Trascorsero due settimane da quanto successo a casa di Akira, due settimane in cui lei si rinchiuse in casa di Max, senza la minima intenzione di voler uscire. Non disse loro la verità, non le avrebbero mai creduto. Raccontò solo che i suoi genitori erano arrabbiati con lei per qualche motivo non ben specificato, e che lei non voleva tornare a casa per un po' di giorni. Max non sembrò dispiaciuto dal fatto che Akira trascorresse il tempo a casa sua. In quel modo avrebbe potuto stare con lei per la maggior parte del tempo possibile, nonostante non avessero più accennato a quel bacio, e non ce ne furono altri.
«La famiglia non è sempre il sangue» considerò Max una sera, mentre entrambi erano stesi a letto, lui nel suo e lei in una brandina di fianco che le era stata preparata, e parlavano del più e del meno cercando di annoiarsi a vicenda al punto da farsi venire sonno. «Sono le persone nella tua vita che ti vogliono nella loro, quelli che ti accettano per chi sei. Quelli che farebbero qualsiasi cosa per vedere il tuo sorriso e ti amano nonostante tutto». Si girò verso di lei, e si perse nel guardarla. Era rannicchiata su un fianco, il braccio posizionato sotto il cuscino per sostenere la testa. Indossava una sua vecchia maglietta del campeggio, verde muschio, larga, che le nascondeva perfettamente le sue forme minute. In quel periodo si vestiva con delle combinazioni di abiti suoi e di sua sorella, e lui ancora non capiva come riuscisse ad essere bella anche con dei jeans a fiori e una felpa con dei teschi.

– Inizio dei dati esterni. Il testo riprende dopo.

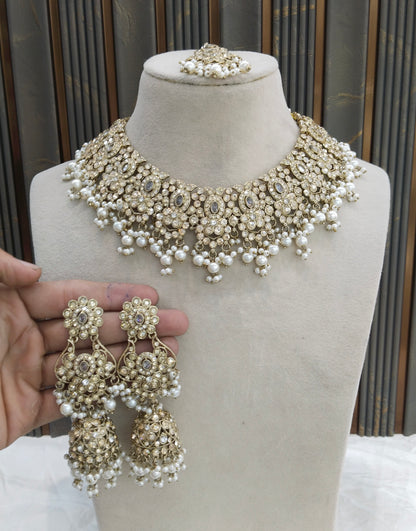Antique Gold White Necklace Jewellery Joan Bollywood sets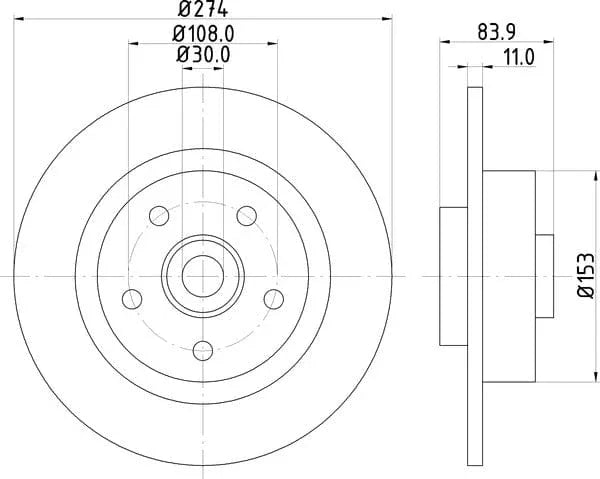Mintex Brake Discs Rear Solid Set Of 2 MDC1681 274mm - image 4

«Non fare il filosofo di turno» mormorò lei, alzando gli occhi per guardarlo. «Lo so bene perché lo dici».
«Be', lo ammetto» si arrese lui, sbuffando e mettendosi seduto. «Nonostante ti reputi ancora una ragazzina noiosa e petulante, potrei, forse, in qualche modo, essere...contento di averti qui».
«Godi delle disgrazie altrui, Hunt?»
«Se beneficiano il mio tornaconto si, direi che può essere una descrizione accurata»
«Stai zitto e dormi» mormorò lei, chiudendo gli occhi e abbandonandosi al sonno, col fantasma di un sorriso sul volto.
.......
Akira lo sapeva che non avrebbe potuto indossare i vestiti di Max e sua sorella ancora per molto tempo. I vestiti stretti di lei le stavano dando di volta il cervello, mentre in ogni felpa di Max ci sentiva il suo profumo, che stava tentando disperatamente di dimenticare il più in fretta possibile. Inevitabilmente, sarebbe dovuta tornare a casa.
Allo stesso modo però non avrebbe sopportato ancora una volta lo sguardo vacuo della madre su di lei, le sue grida e la negazione di avere una figlia.
Per questo motivo aveva intenzione di entrare in camera sua dalla magnolia del suo giardino, in un momento in cui in casa c'erano solo Seiji e sua nonna, che non avrebbero potuto farle del male anche se avessero voluto.
Si appostò dietro l'angolo, un anonimo giovedì pomeriggio, aspettando che la madre uscisse di casa per andare a fare la spesa. Una mezz'oretta dopo la vide uscire, vestita con una gonna marroncina e un giubbotto nero. Evidentemente aveva dimenticato l'esistenza di sua figlia, ma non la sua routine abituale. Girò sulla sinistra, e si allontanò per andare a prendere la metro, avrebbe potuto fare la strada a piedi, il negozio di alimentari non era poi così distante, ma Maryse aveva sempre evitato ogni inutile fatica. Akira capiva solo in quel momento da chi avesse preso la sua pigrizia.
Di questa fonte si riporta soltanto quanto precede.